Required action = The task calls for the lines below from the line with "portrait of an" to the line with "Frustrated man using", both ends included, copied exactly, without any pictures.

Information =
- Opening Delimiter -

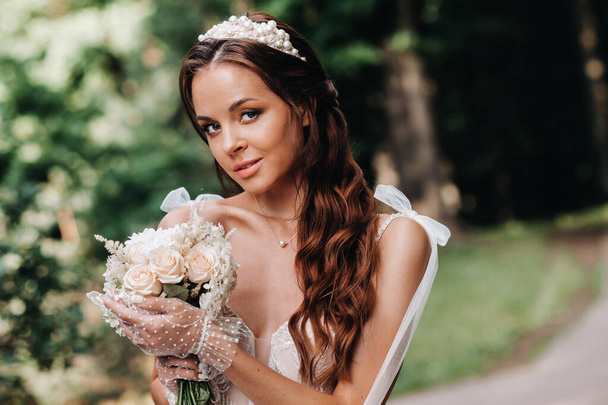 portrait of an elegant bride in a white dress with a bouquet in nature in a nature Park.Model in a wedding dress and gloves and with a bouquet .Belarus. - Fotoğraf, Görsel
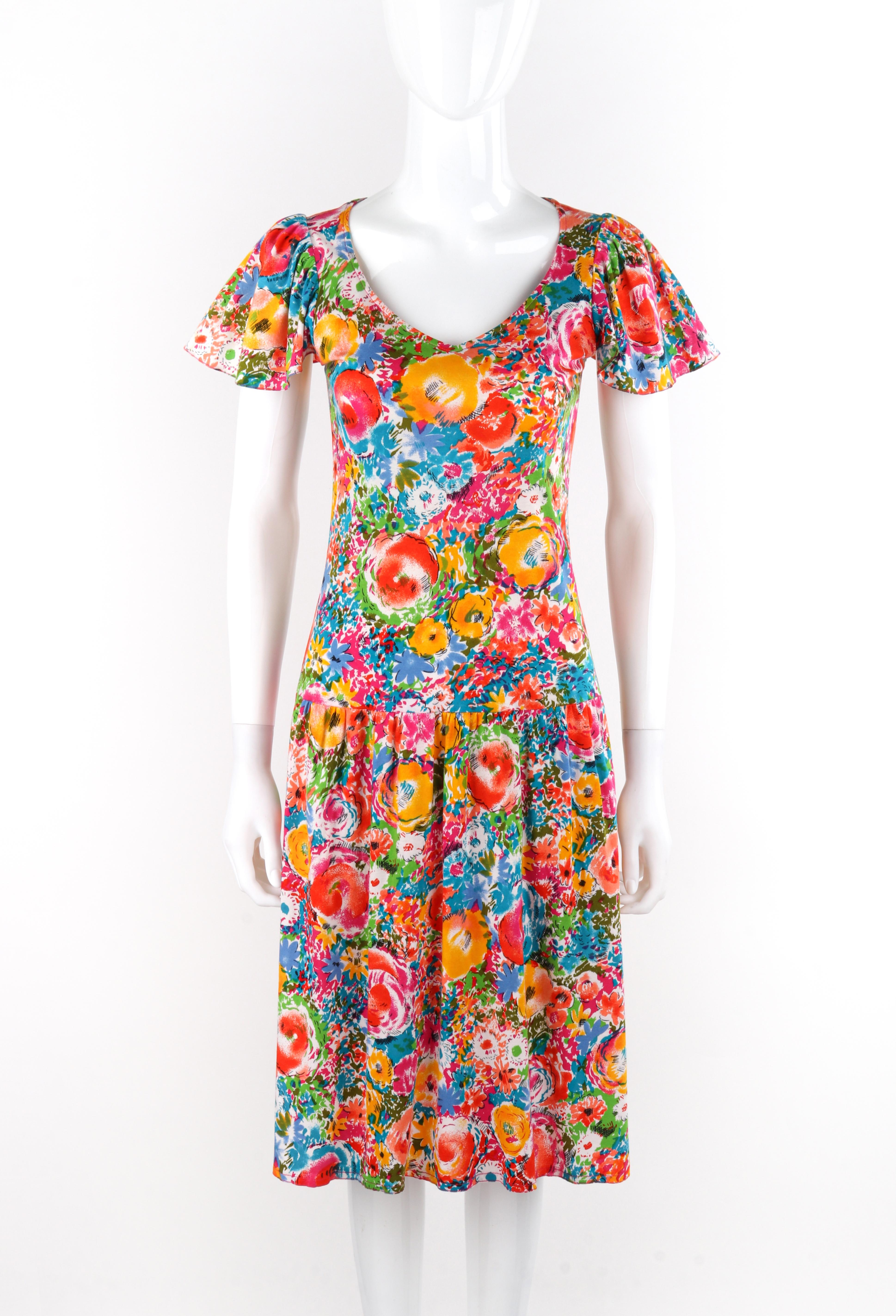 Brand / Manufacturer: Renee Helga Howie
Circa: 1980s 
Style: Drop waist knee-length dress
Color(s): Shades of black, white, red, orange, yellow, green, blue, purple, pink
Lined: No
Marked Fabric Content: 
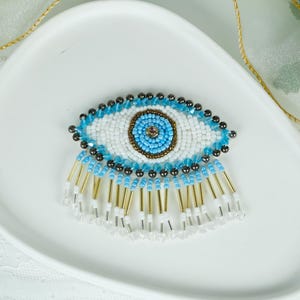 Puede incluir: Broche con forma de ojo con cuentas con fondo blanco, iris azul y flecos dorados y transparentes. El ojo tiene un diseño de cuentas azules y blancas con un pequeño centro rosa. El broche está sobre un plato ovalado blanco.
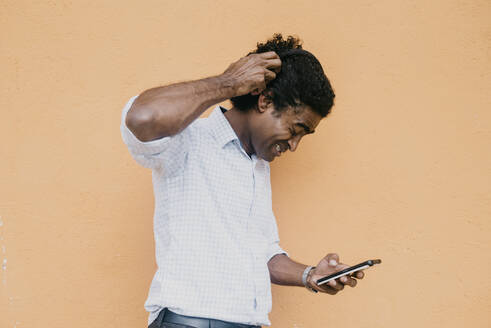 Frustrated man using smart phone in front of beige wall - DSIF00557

- Closing Delimiter -
- Opening Delimiter -

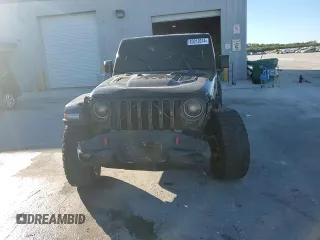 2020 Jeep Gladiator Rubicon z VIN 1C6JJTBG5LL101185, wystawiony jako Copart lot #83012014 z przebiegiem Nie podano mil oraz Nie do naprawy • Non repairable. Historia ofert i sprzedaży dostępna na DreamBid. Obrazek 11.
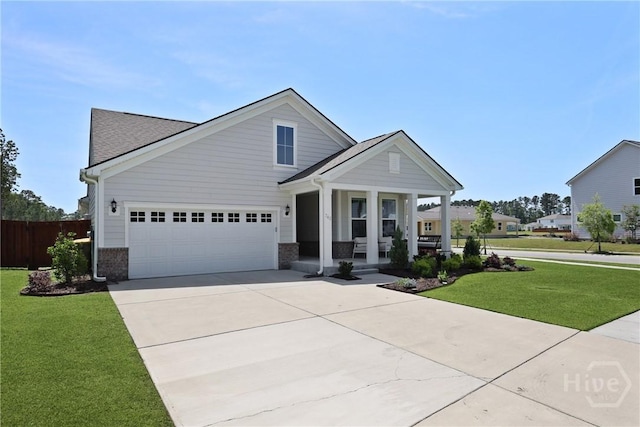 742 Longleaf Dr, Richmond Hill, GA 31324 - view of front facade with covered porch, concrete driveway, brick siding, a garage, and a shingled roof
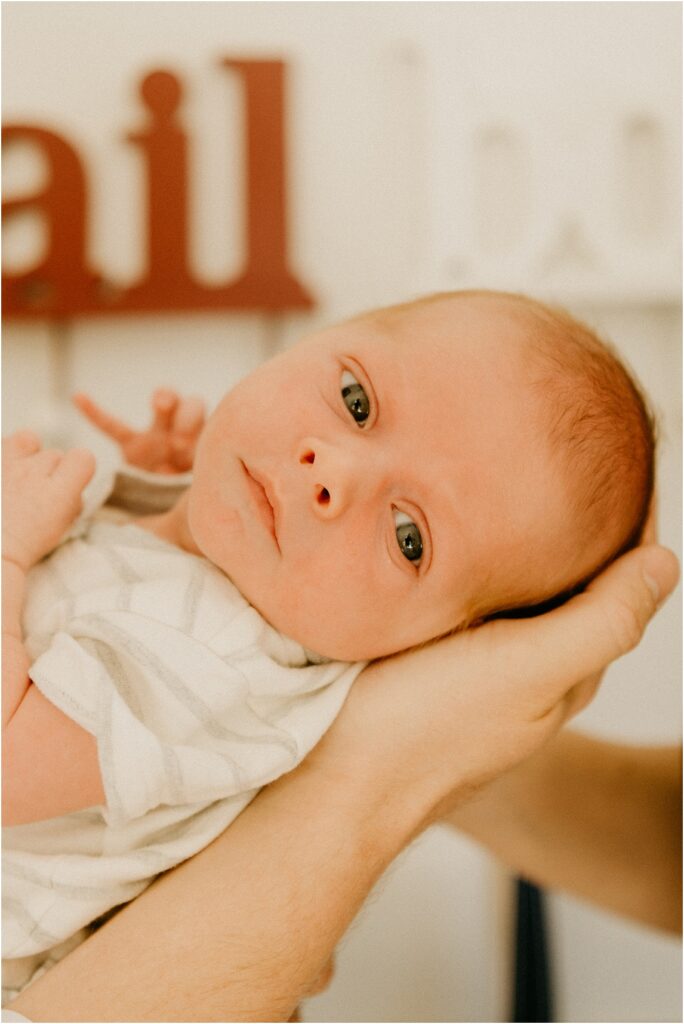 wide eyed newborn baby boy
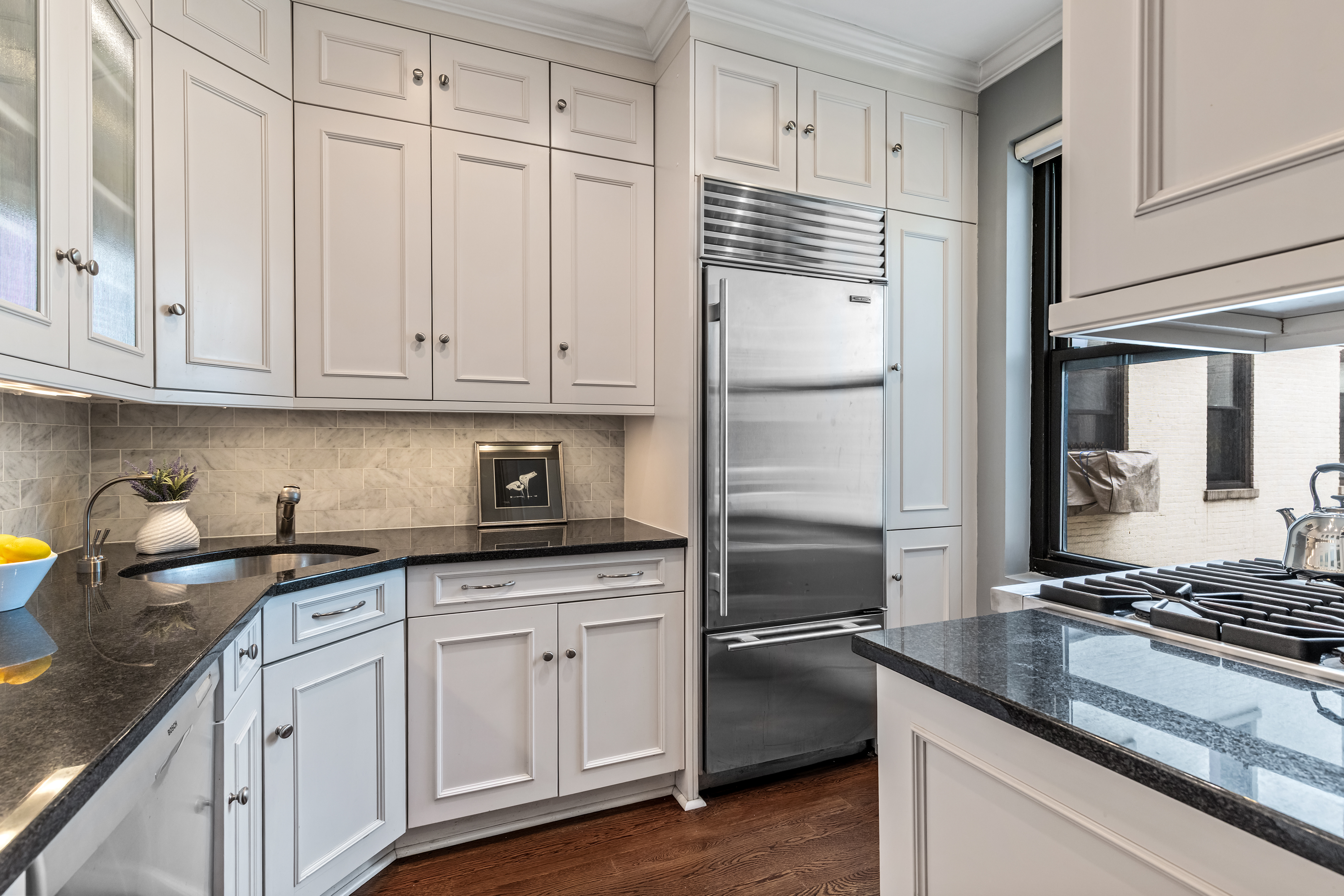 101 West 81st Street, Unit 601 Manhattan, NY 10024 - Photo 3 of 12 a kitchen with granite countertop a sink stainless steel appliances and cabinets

- Closing Delimiter -
- Opening Delimiter -

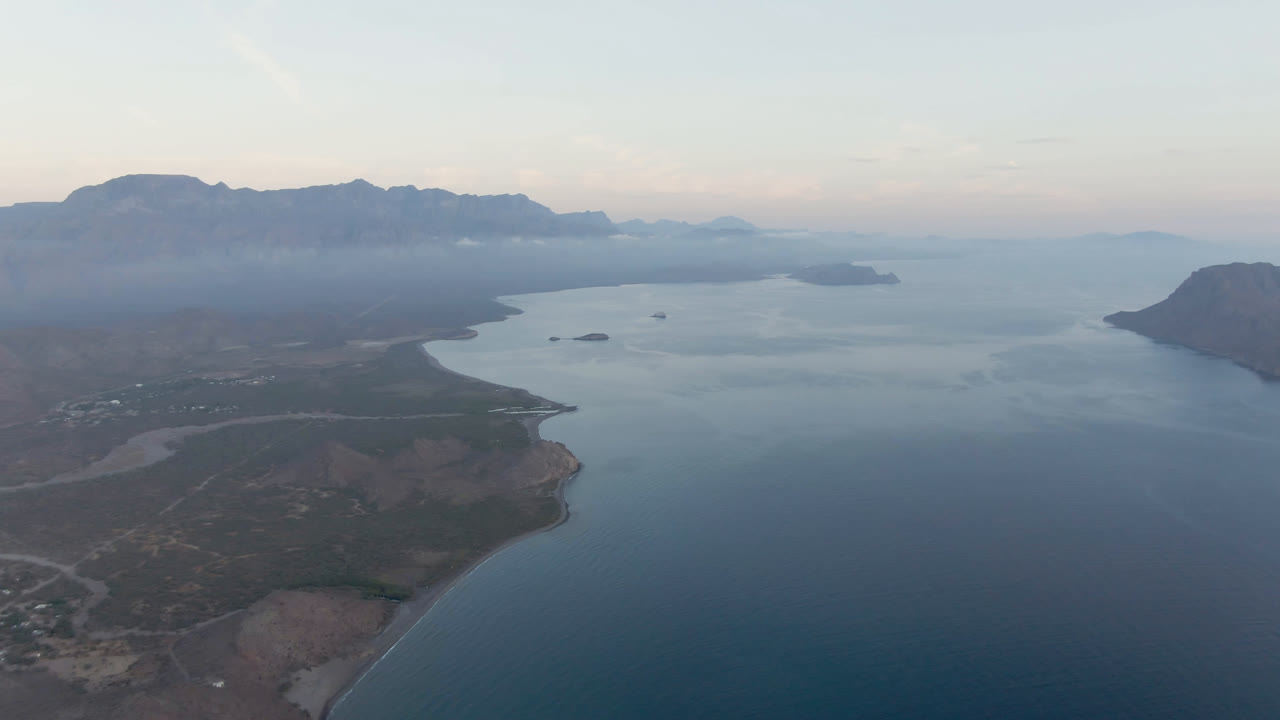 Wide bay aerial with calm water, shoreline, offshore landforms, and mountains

- Closing Delimiter -

Response below =
 portrait of an elegant bride in a white dress with a bouquet in nature in a nature Park.Model in a wedding dress and gloves and with a bouquet .Belarus. - Fotoğraf, Görsel
 Brand / Manufacturer: Renee Helga Howie
Circa: 1980s 
Style: Drop waist knee-length dress
Color(s): Shades of black, white, red, orange, yellow, green, blue, purple, pink
Lined: No
Marked Fabric Content: 
 Puede incluir: Broche con forma de ojo con cuentas con fondo blanco, iris azul y flecos dorados y transparentes. El ojo tiene un diseño de cuentas azules y blancas con un pequeño centro rosa. El broche está sobre un plato ovalado blanco.
 Frustrated man using smart phone in front of beige wall - DSIF00557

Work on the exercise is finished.